Pages


Tuesday, May 14, 2013

Life Lesson for My Little Men #33

Recently we have started to see a change in many things.  At a little over a year and half (corrected) both James and Andrew are right where they should be developmentally.  The words are coming more and more every day; the physical ability to match thoughts to actions is constantly evolving; the recognition of shapes, images and the world around them is beyond amazing to a first time dad.  One of the more interesting changes though is the development of imp-ism.
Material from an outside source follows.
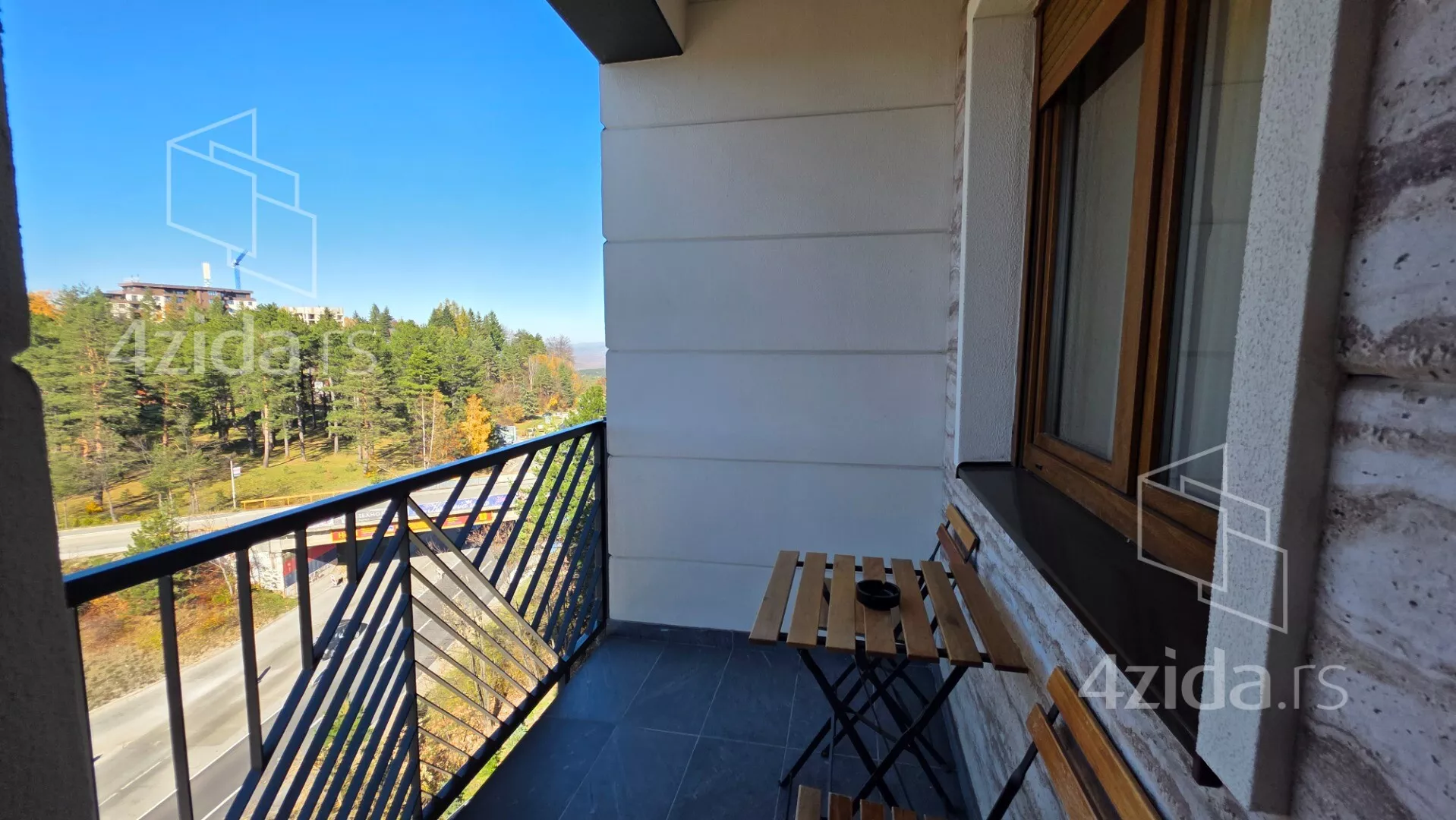 Jednosoban stan | 4zida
At one point in time, Adrienne and I could be sure that our direction, if understood, would be followed.  A few months ago, and what seems like on an ever increasing trajectory, this began to shift.  It is now not uncommon for a request to cease and desist to be met with a side ways glance, a coy smile and a slow and purposeful continuation of whatever activity has been deemed questionable, often accompanied by a follow up look to ensure that it has been seen.  This has made for some frustrating moments but more often than not experiences that challenge our ability to keep a straight face.  Some might think that we are doing irreparable damage by losing control and laughing at the occasional display of disobedience but as long as they aren't in danger...really no harm, no fowl...that and I guess only time will tell...As mentioned though, what can be concerning is a lack of understanding of when danger is present.  We have toyed with different words, although we have not found one that seems to have a great deal of impact.  So, this is something to work on, or seek some advice on...If anyone has any suggestions, please add them to the comment section... It's also a task that seems to be even more important with the rise in temperatures and more frequent forays into the outside world.  There are times, when thinking about walking through a parking lot, or playing at the front of the house causes dad, a notorious worrier, a few too many moments of angst, but I guess that's what part of this whole parenting thing is about and is also combated nicely by a very attentive mom and dad.  Not smothering, but attentive.
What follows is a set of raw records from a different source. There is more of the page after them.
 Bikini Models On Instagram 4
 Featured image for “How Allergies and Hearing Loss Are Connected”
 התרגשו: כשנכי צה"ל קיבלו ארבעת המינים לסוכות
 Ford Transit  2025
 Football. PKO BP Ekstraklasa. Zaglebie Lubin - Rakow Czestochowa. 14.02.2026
So my little imps...I mean men.  What I am learning from you each day is how, sometimes, it's important to test convention and to push limits.  Life would be pretty boring without a little mischief, and I would hazard a guess that a few of the more important discoveries would not have been made if everyone subscribed to all rules being truth and beyond question.  What is important in this context is that you have weighed out the consequences of your actions, taken into account your impact on yourself and others and have concluded that the benefits of crossing the line outweigh the consequences of your actions.  If the benefits are for you and you alone, I might suggest that your efforts outside of the rule book may be quite selfish or perhaps might be worth reconsidering.  If the benefits are retrieving a raisin from on top of the fire place using a dump truck as a step stool, I might question your sense of priorities.  In the end, life itself is a great teacher and there is a saying that rules are meant to be broken, as your dad, I would simply ask that you listen to everything I say...but seriously, I would hope that you do your due diligence before taking the leap, because consequences are not always accompanied by a soft landing.

Love,

Dad

PS - Thanks for the lovely "I love you"s over the phone tonight, you made my day
PPS - Thanks also for showing me the difference between a plane and a truck, multiple times, for the better part of an hour, each day...it's weird, but I am seriously loving it!!!!